W piątek Rosja kilkukrotnie naruszyła przestrzeń powietrzną NATO . Najpierw trzy rosyjskie myśliwce MIG-31 wdarły się nad terytorium Estonii , a później dwa samoloty wykonały niskie przeloty nad platformą Petrobaltic na Morzu Bałtyckim.
Tomasz Darmoliński , prezes zarządu Fundacji Żelaznego, w rozmowie z Grzegorzem Kępką w programie „ Gość Wydarzeń ” przyznał, że te zdarzenia go nie dziwią.
„Rosyjskie prowokacje są naturalnym elementem naszej przestrzeni i należy się ich spodziewać. Jesteśmy obecnie poniżej progu wojny , co oznacza, że jesteśmy w stanie wojny hybrydowej , a to oznacza, że takie prowokacje będą się powtarzać” – skomentował.
WIDEO: „Jesteśmy na krawędzi wojny”. Ekspert o działaniach Rosji
Jednocześnie stwierdził, że po ataku rosyjskich dronów w nocy z 9 na 10 września jesteśmy świadkami zupełnie nowego rozdziału w historii wojskowości. „To pierwszy raz od czasów II wojny światowej, kiedy zarówno polskie, jak i sojusznicze myśliwce wystrzeliły broń z polskiego nieba. To więc zupełnie nowy rozdział w naszej historii ” – podkreślił.

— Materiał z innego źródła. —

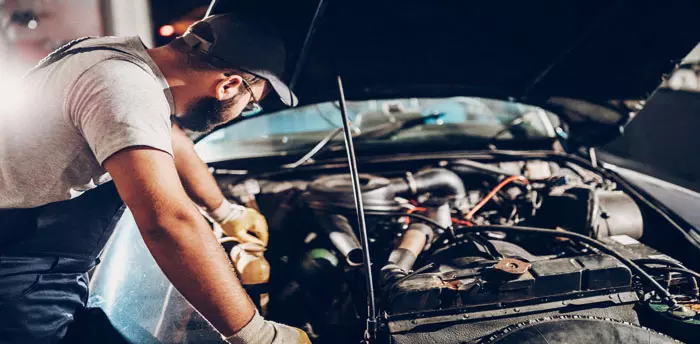 Car Repair Illegal Home Business, man leaning over engine of car working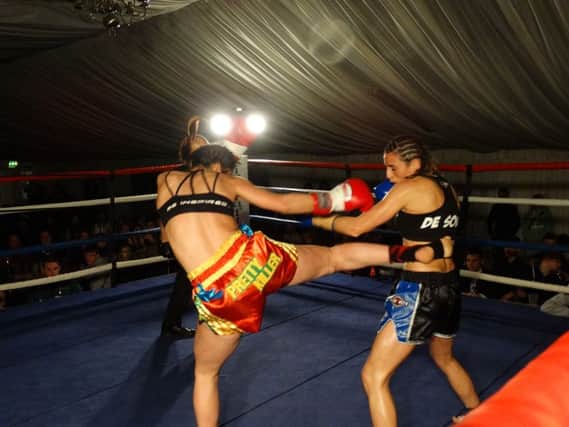 Iman lands a body kick during her entertaining points win EMN-160223-192006002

Gość podkreślił również, że w tej sytuacji najważniejsze jest zachowanie spokoju i unikanie niepotrzebnej paniki. „Mamy odpowiednie narzędzia, aby poradzić sobie z prowokacjami Rosji . To nie pierwszy raz, kiedy rosyjskie myśliwce naruszyły naszą przestrzeń powietrzną, zarówno naszą, jak i NATO, więc nasi piloci z pewnością wiedzą, co robić” – zaznaczył.

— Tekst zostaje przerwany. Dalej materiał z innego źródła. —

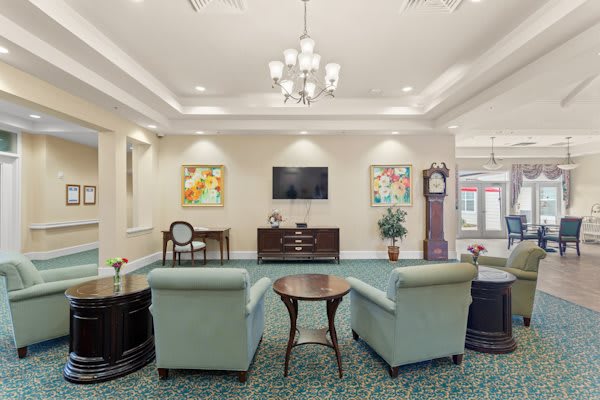A cozy living room with comfortable armchairs, a central table, a flat-screen TV, and decorative artwork on the walls.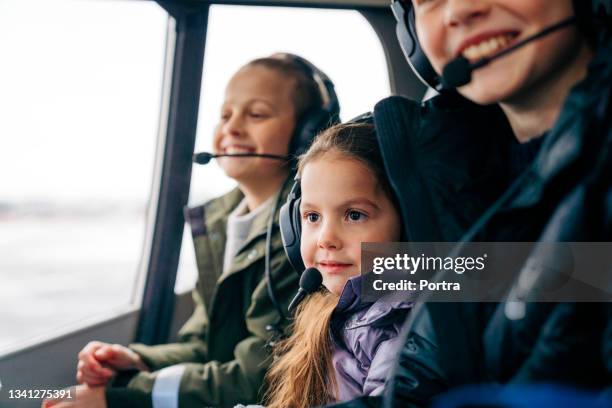family with kids traveling on helicopter - helicopter ride stock pictures, royalty-free photos & images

„Praktycznie niemożliwe”. Ekspert wskazuje na problem z budową „muru dronów”
Tomasz Darmoliński odniósł się również do kwestii „ muru dronów ” na wschodniej flance NATO – projektu rozwijanego obecnie przez instytucje UE. Podkreślił, że wojna na Ukrainie i wprowadzenie nowego typu systemów bezzałogowych stworzyły zupełnie nowe zagrożenie.

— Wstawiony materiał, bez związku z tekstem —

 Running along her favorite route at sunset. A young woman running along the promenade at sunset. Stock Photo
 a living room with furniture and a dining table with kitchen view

„Niestety, Rosja wyprzedza nas o kilka kroków, jeśli chodzi o kwestie związane z możliwościami dronów. Zarówno Ukraina, jak i Rosja dążą do prowadzenia wojny dronów, co oznacza, że są na tym etapie bardzo zaawansowane” – skomentował.
Zauważył, że stworzenie takiego muru jest skomplikowane. „To ogromne przedsięwzięcie , które będzie wymagało znacznych inwestycji, nie tylko finansowych, ale także technologicznych” – powiedział.
Zdaniem eksperta, głównym problemem jest brak merytorycznego wsparcia. „Biorąc pod uwagę sposób, w jaki Unia Europejska i Polska podeszły do kwestii wojny dronów, nie mamy wystarczających zasobów, aby szybko i skutecznie zbudować taki mur dronów bez zaangażowania ukraińskich partnerów. To praktycznie niemożliwe” – wyjaśnił ekspert.
Przypomnijmy, że przewodnicząca Komisji Europejskiej Ursula von der Leyen niedawno oświadczyła w wywiadzie dla brytyjskiego dziennika Financial Times, że Ukraina będzie dostawcą know-how, a środki przeznaczone na ten projekt wyniosą 6 mld euro .
WIDEO: Aplikacja „Shelters” podzieliła ekspertów. „Rosjanie nie potrzebują agentów”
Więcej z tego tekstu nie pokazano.